Evolution of my startup idea

Written on July 19, 2024

The initial premise

Around March 2024, I toyed with the idea of building an AI coach for tennis. Why tennis of all sports. Why not golf or badminton or other racket sports.I don’t have an answer to this. I found tennis to be a far more technical sport than badminton or ping pong. Also it felt way harder to learn than any other sport I have played. So I thought I will build out an app that will be a very basic version of a coach. I did some basic market research and found out that there was a play here. Based on the total number of tennis players and enthusiasts this seemed like a 10-100M$ idea at the very least.

The MVP

So what should the MVP accomplish. It should be able to view the player like a coach does and offer corrections to the shot. So here are the basic requirements for the phone MVP

  • Record the play using the phone cameras.
  • Get audio feedback.
  • Ensure that the app doesn’t drain the phone battery in an hour or so.

MVP first iteration

  • Recording the video was quite straightforward. After a couple of iterations I figured the phone is best positioned facing the player’s back.

  • Audio feedback - This became the crux of the app. What feedback to give ? At this time I was also looking at adjacent apps like SwingVision, SevenSix etc and trying to figure out why they have been unable to scale. I looked at the reddit forums for r/10s and found that most users of SwingVision used it purely for recording purposes and almost never used any other feature.

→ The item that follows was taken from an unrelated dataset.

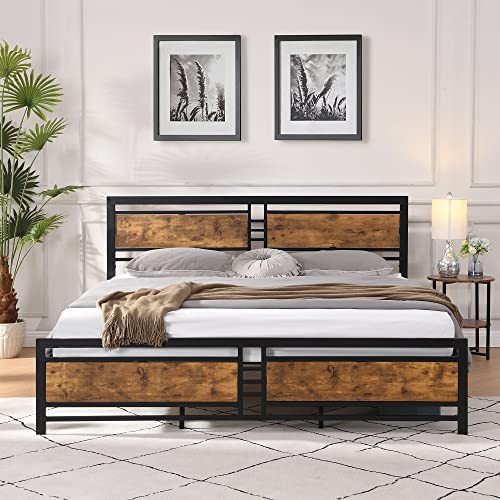 12 Inch King Size Metal Platform Bed Frame with Wooden Headboard and Footboard, Mattress Foundation, No Box Spring Needed, Large Under Bed Storage, Non-Slip Without Noise(Rustic Brown, King)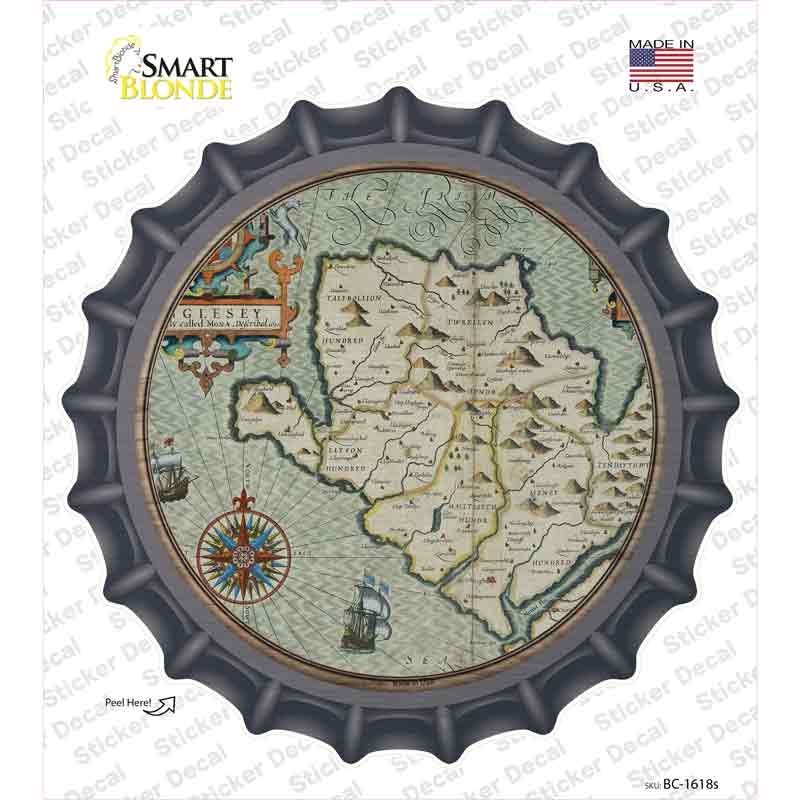 BC-1618s-M Isle of Anglesey Map Novelty Bottle Cap Sticker Decal, Medium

    Two things came quite clear

    • There is no point just recording your game and extracting the highlights - SwingVision does this.
    • Players need real feedback. WHat am I doing wrong and how to correct. Most of the r/10s questions are around this. They post a video and ask for form correction.

Pose identification

  • There are models that already identify poses so I set out using one of these yolov8. In hindsight I should have just used Google mediapipe. The reason I didn’t go for mediapipe is that the way they layered the poses on the videoPreview layer, it was not possible to record those frames. So while you’d get a live preview you wont have a recording unless you did something like screen recording on the phone.
  • I finetuned a yolov8 model to run on the iPhone as I didn’t want to waste GPU resources on the server. All good. I could even overlay the poses and record them.

Pose correction

This is a prediction problem. So now I need to figure out when a player takes a shot, what are the mistakes in the poses. One of the ways of doing this

  • Find a similar shot from a pro through video search in a small sample size. Not web search.
  • Extract that shot video from the large game video.
  • OVerlay the pose angles on this target video.
  • Compare the shot frame by frame with the player (source) shot video.
  • Measure the angle deltas right from the first split step till the ball makes contact with the racket and the swing is completed.

Each of these is a large problem statement on their own.

  • Video search is no joke, even in a small sample size.
  • Finding the racket ball contact point - again though simple needs resources for fine tuning object detection and tracking. Given that these shots are so fast, it’s almost impossible to train a model to predict the contact point. I tried a few iterations but the accuracy was miserable.

So I parked this idea and went back to customer discovery. It became apparent that there is a simpler use case in gyms.

Pivot 1

Compound exercises such as squats, deadlifts, kettlebell swings need to be done in a proper form

  • A to avoid injuries
  • B to get the most benefit from the movement.

So this became a straightforward pose detection and rule application for correction as the rules are quite simple. Measure the key angles

  • Hip hinge.
  • Knee angle.

Identify the one perfect angle required for each exercise and visually indicate the angle on the workout video frame.

I built this app and released a beta.

Customer discovery v/s customer usage

No takers, very luke warm response. Why would someone who cared so much about form correction not install and use this app. At least give it a try. My beta stats

  • 10 users, average 1-2 sessions per user. No growth despite posting on channels such as buildspace

Analysing the poor uptick

So why is this ? Turns out, not many people like to keep their phones in front of them or by their side during workouts. I myself wouldn’t do it after 10 workouts or so. So the phone placement is a major friction point and almost no one overcame this friction consistently. Also not many fitness enthusiasts cared about form correction all the time. It was good once they identified their form and then they are set.

What fitness enthusiasts really need ?

As evidenced by workout apps such as Tonal and Tempo, those who workout need recommendations and a change in their routine often. It is very hard to do the same workout consistently for months. Even though, statistically you are better off just doing the same workout consistently instead of switching routines.

Next steps

So where does that leave me. Here are my current thoughts.

  • Despite all these apps, nearly 75% of adults don’t workout consistently. I am yet to find data for 4-5 year time period. Per CDC only 24% of the adults meet their fitness criteria which is about 20 minutes of moderate exercise every day or 150 mins per week.

  • So there is a need for an application that can help people to maintain this workout routine for years. These apps are clearly not cutting it.

  • There has to be a free app that is ad supported to make this work at scale. And it should have no friction points of video or camera placement etc.

  • The answer is perhaps in sensors and video generation using sensor data. People still need videos to show off, but they don’t need the hassles of recording, placing the phone at some specific angle etc.

My new pitch

workout just wearing an apple watch and get a summary video to post on social media.